[Brief descriptive captions]
- - -
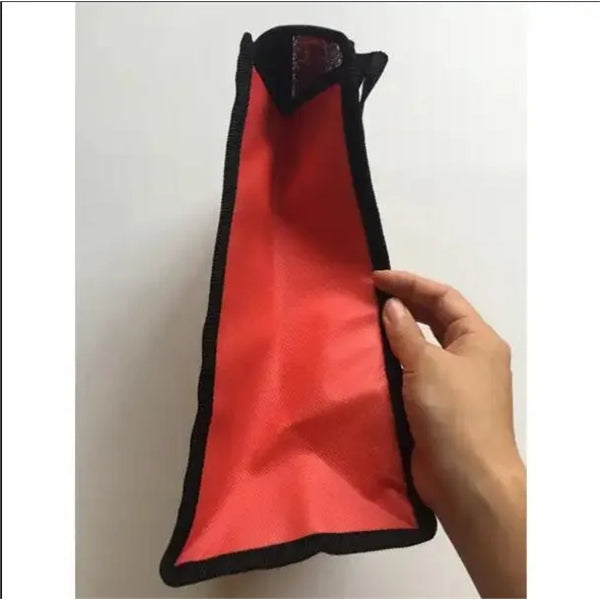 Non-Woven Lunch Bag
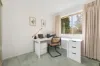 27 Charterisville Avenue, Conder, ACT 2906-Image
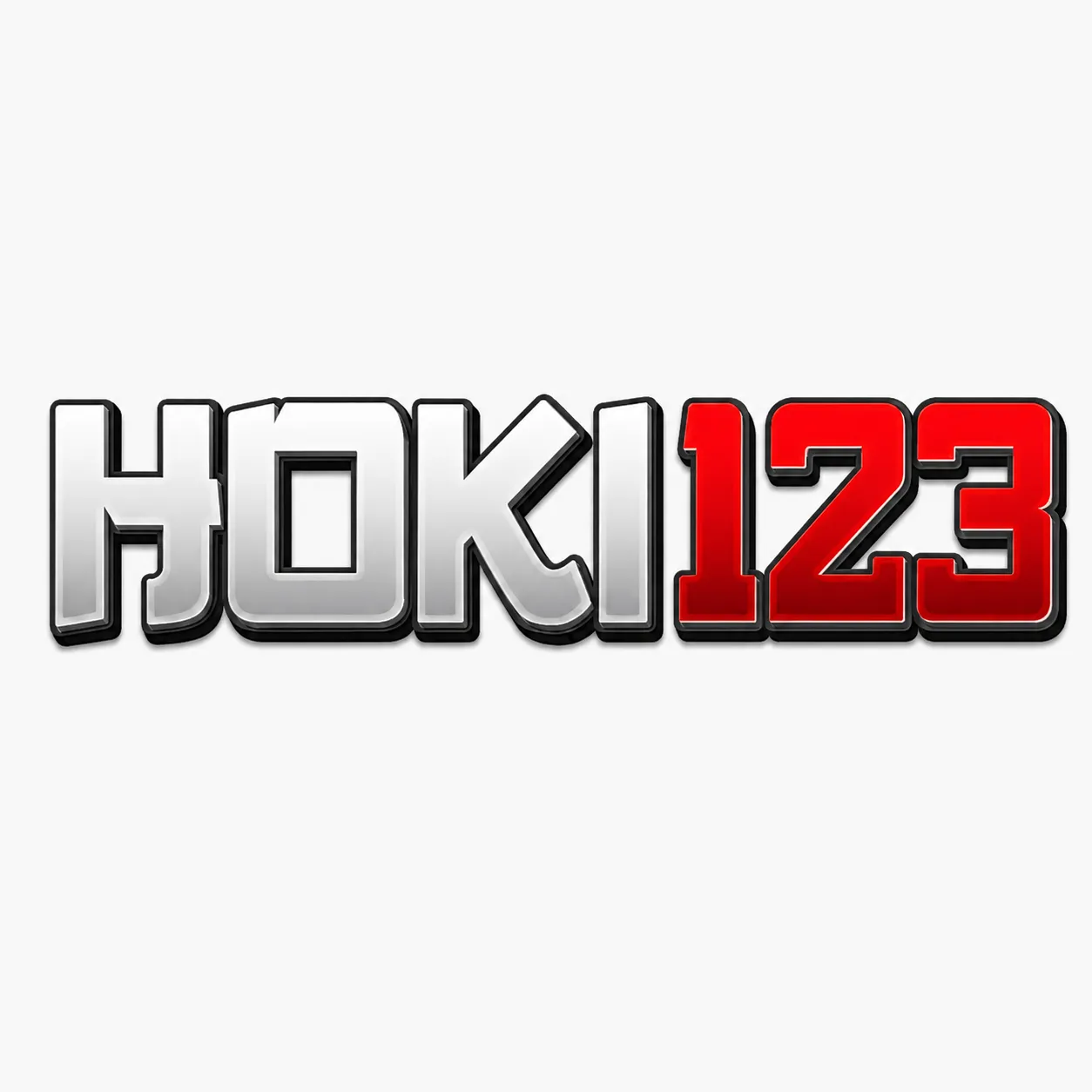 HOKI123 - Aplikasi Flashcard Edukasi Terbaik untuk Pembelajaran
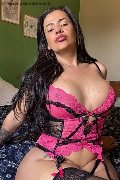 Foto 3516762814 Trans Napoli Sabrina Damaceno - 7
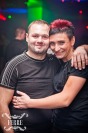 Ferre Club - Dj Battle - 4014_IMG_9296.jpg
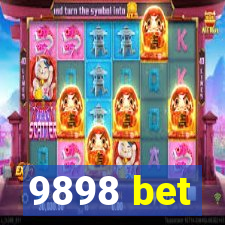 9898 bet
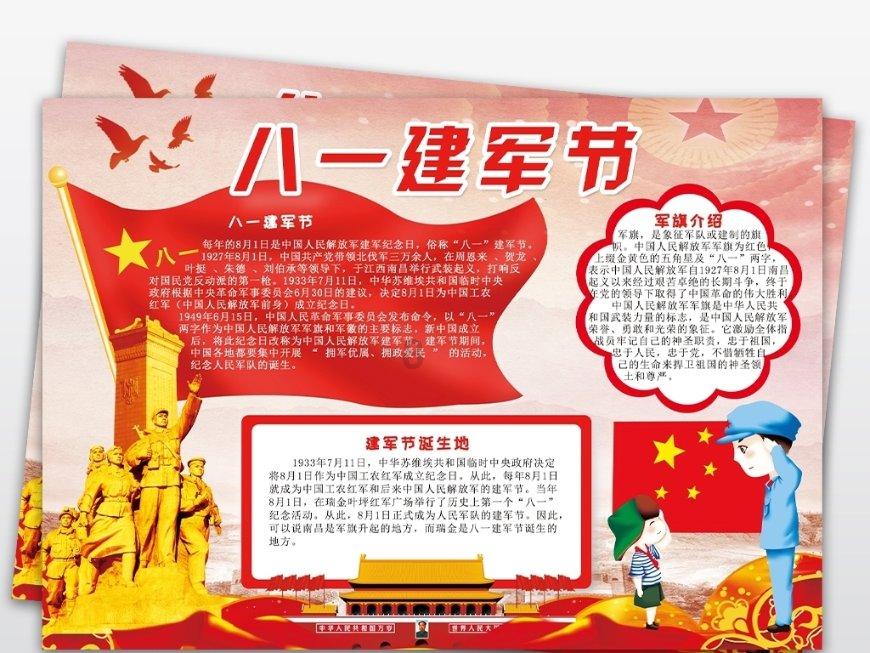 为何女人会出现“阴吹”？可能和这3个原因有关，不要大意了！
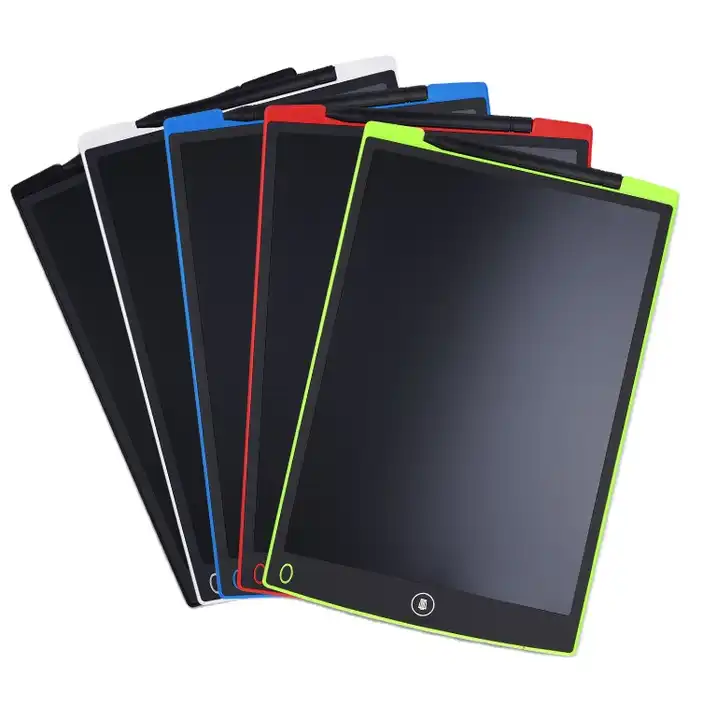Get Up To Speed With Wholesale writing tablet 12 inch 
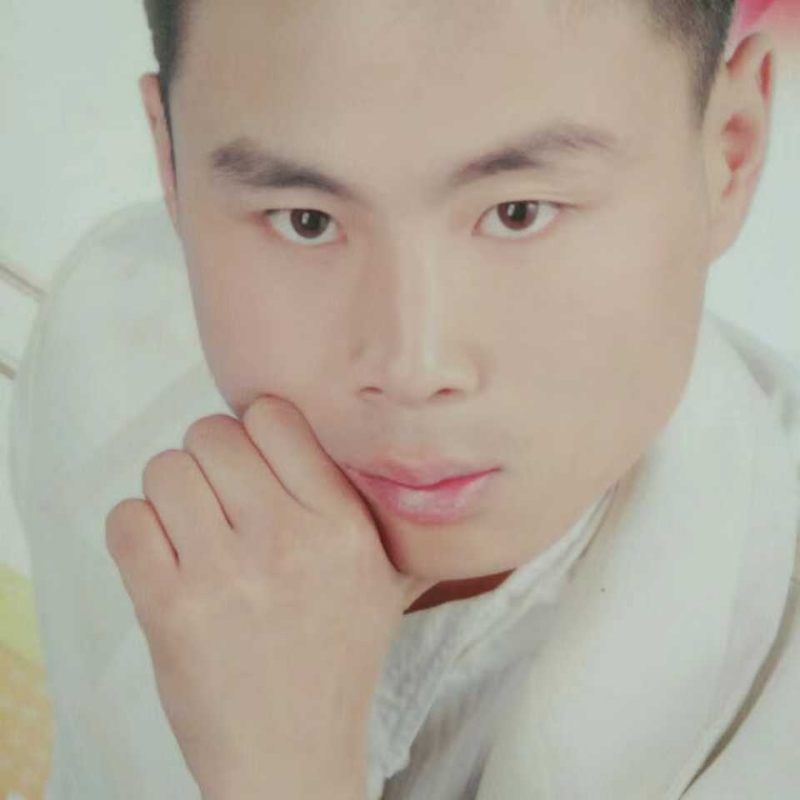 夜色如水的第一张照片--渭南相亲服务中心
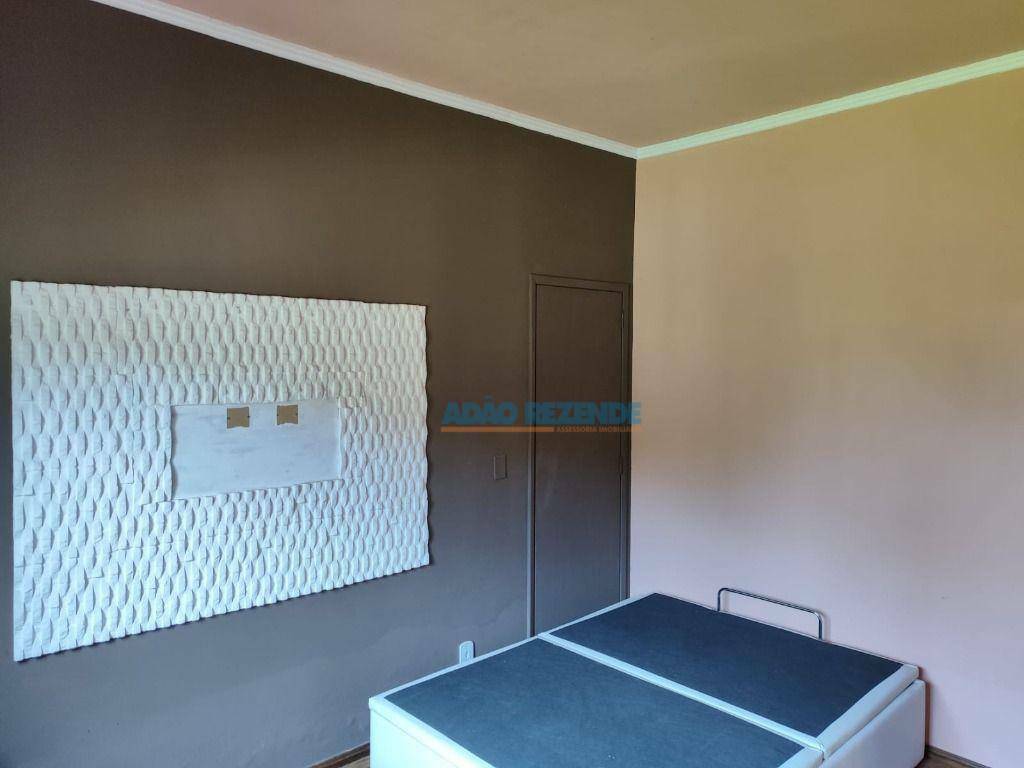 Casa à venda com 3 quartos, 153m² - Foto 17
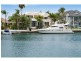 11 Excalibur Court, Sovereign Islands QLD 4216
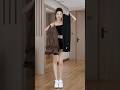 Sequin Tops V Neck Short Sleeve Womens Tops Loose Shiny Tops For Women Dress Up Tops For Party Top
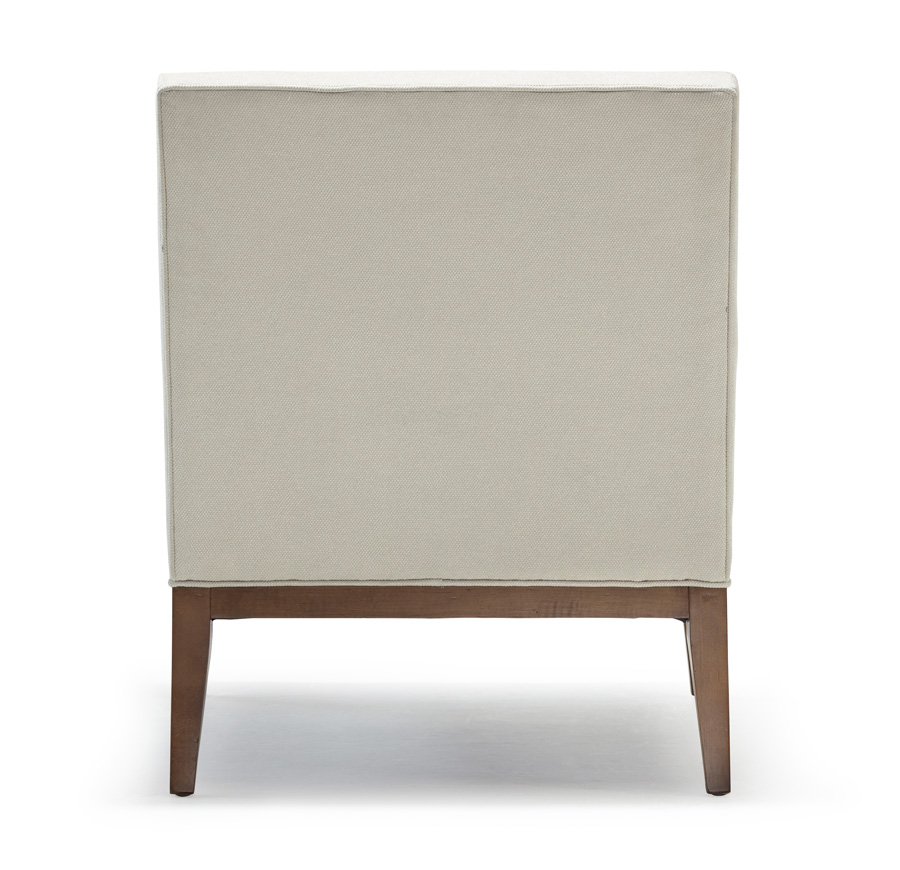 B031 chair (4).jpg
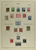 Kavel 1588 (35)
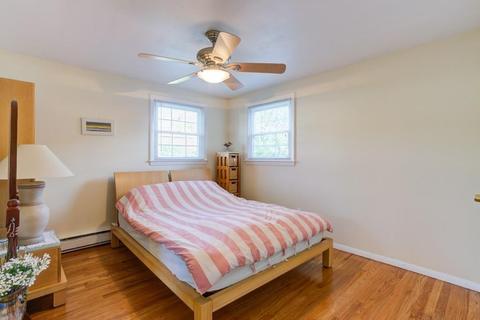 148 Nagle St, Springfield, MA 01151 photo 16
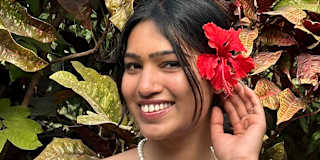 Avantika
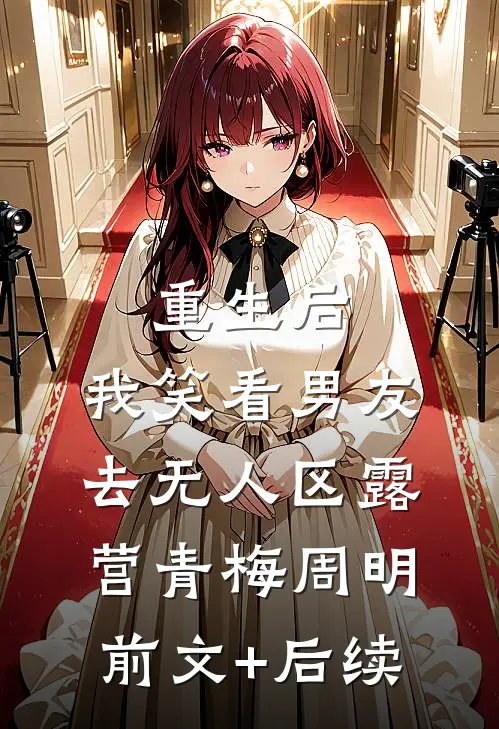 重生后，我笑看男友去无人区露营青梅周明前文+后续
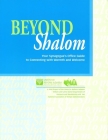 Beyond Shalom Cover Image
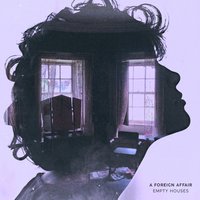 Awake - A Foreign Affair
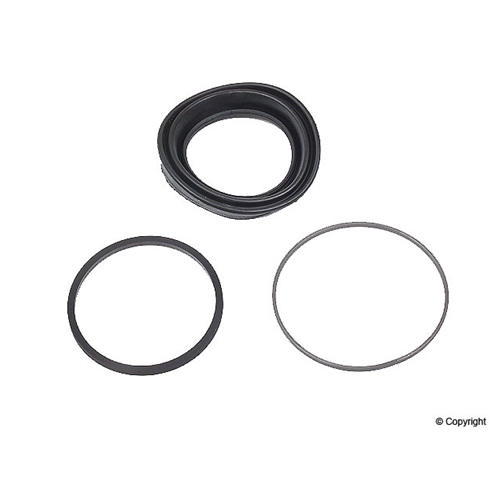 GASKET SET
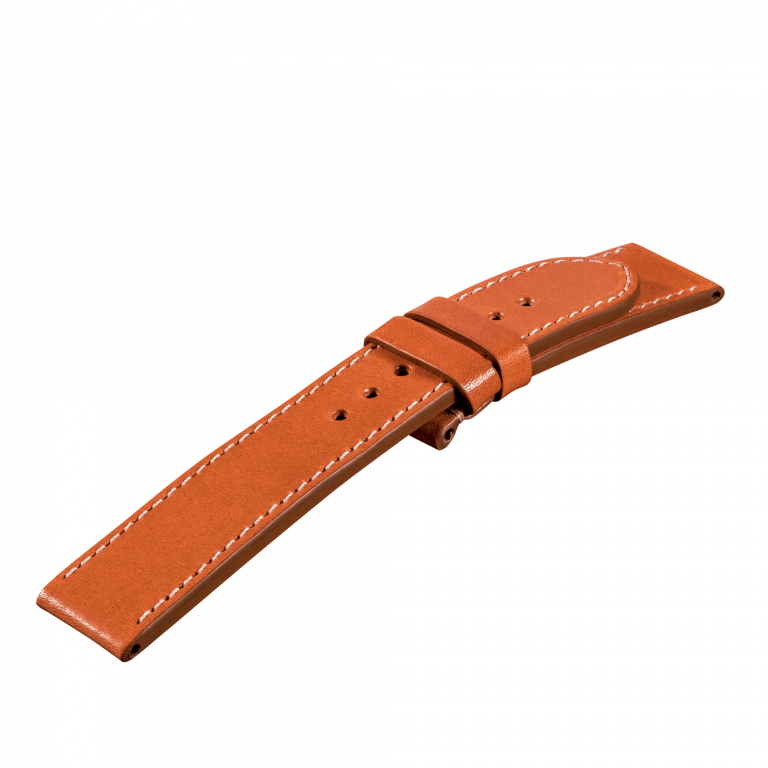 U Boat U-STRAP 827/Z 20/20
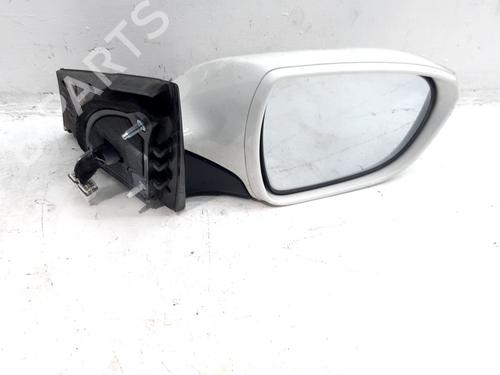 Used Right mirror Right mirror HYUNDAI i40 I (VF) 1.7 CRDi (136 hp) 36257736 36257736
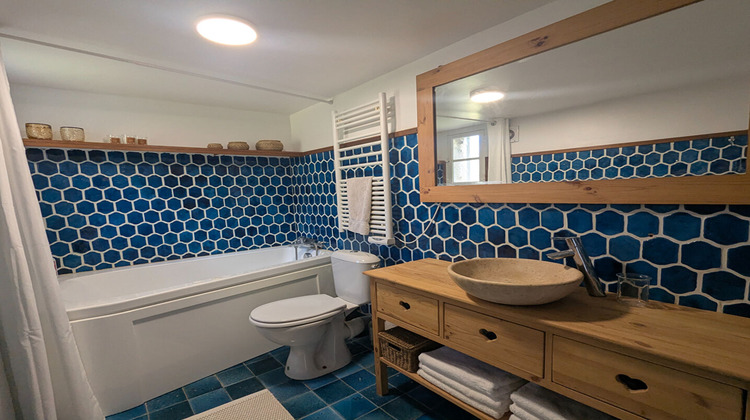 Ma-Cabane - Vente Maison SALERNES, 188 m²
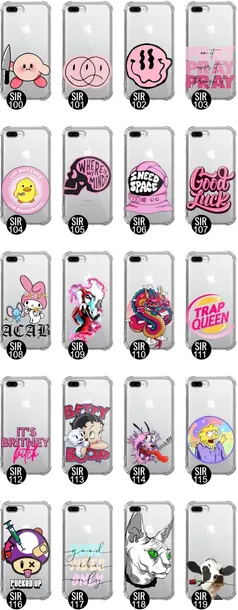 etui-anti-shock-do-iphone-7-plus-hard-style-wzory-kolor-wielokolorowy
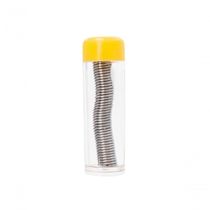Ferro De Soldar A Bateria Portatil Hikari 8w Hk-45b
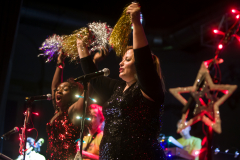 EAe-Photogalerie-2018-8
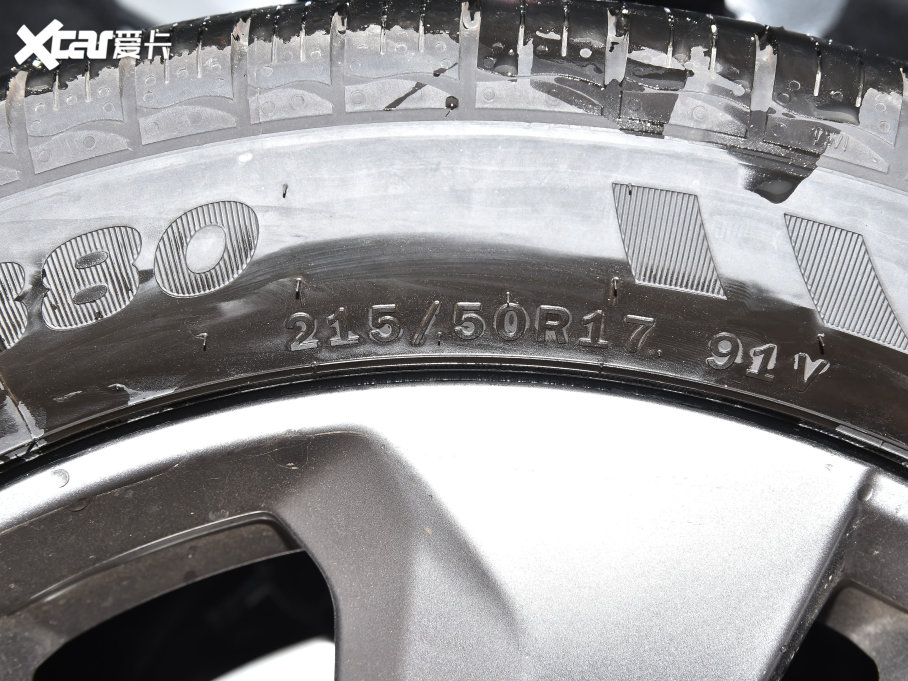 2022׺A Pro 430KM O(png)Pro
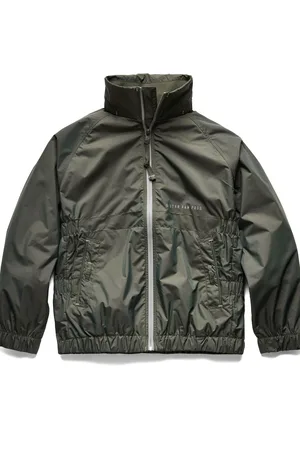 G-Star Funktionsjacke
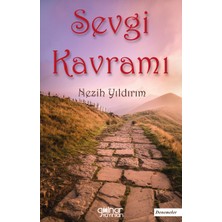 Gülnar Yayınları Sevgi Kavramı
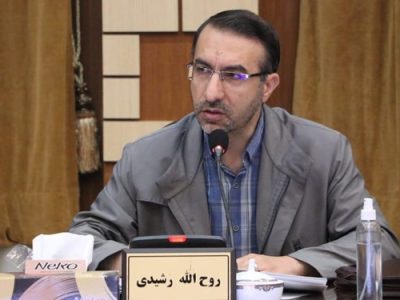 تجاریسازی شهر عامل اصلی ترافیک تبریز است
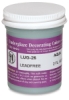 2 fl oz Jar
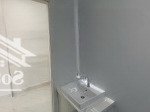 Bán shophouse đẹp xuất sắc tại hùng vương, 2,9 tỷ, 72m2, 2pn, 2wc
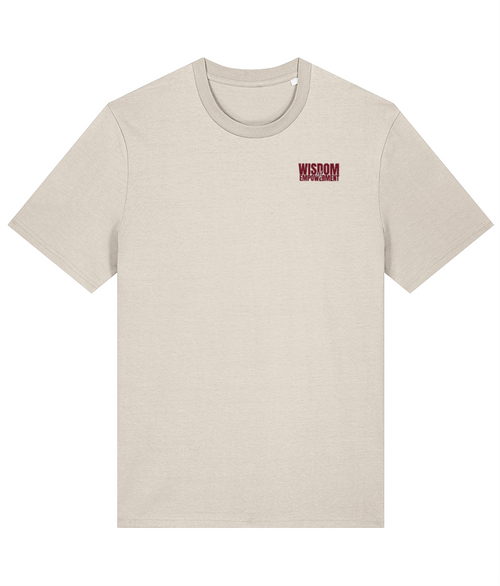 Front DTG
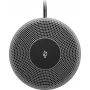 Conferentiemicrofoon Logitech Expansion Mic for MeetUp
- - -
> [EXERCISE AIM]
Please print all the lines above exactly as given and leave out every picture.

> [RESPONSE TO THE TASK]
 Non-Woven Lunch Bag
 27 Charterisville Avenue, Conder, ACT 2906-Image
 HOKI123 - Aplikasi Flashcard Edukasi Terbaik untuk Pembelajaran
 Foto 3516762814 Trans Napoli Sabrina Damaceno - 7
 Ferre Club - Dj Battle - 4014_IMG_9296.jpg
 9898 bet
 为何女人会出现“阴吹”？可能和这3个原因有关，不要大意了！
Get Up To Speed With Wholesale writing tablet 12 inch 
 夜色如水的第一张照片--渭南相亲服务中心
 Casa à venda com 3 quartos, 153m² - Foto 17
 11 Excalibur Court, Sovereign Islands QLD 4216
 Sequin Tops V Neck Short Sleeve Womens Tops Loose Shiny Tops For Women Dress Up Tops For Party Top
 B031 chair (4).jpg
 Kavel 1588 (35)
 148 Nagle St, Springfield, MA 01151 photo 16
 Avantika
 重生后，我笑看男友去无人区露营青梅周明前文+后续
 Beyond Shalom Cover Image
 Awake - A Foreign Affair
 GASKET SET
 U Boat U-STRAP 827/Z 20/20
 Used Right mirror Right mirror HYUNDAI i40 I (VF) 1.7 CRDi (136 hp) 36257736 36257736
 Ma-Cabane - Vente Maison SALERNES, 188 m²
 etui-anti-shock-do-iphone-7-plus-hard-style-wzory-kolor-wielokolorowy
Ferro De Soldar A Bateria Portatil Hikari 8w Hk-45b
 EAe-Photogalerie-2018-8
 2022׺A Pro 430KM O(png)Pro
 G-Star Funktionsjacke
 Gülnar Yayınları Sevgi Kavramı
 تجاریسازی شهر عامل اصلی ترافیک تبریز است
 2 fl oz Jar
 Bán shophouse đẹp xuất sắc tại hùng vương, 2,9 tỷ, 72m2, 2pn, 2wc
 Front DTG
 Conferentiemicrofoon Logitech Expansion Mic for MeetUp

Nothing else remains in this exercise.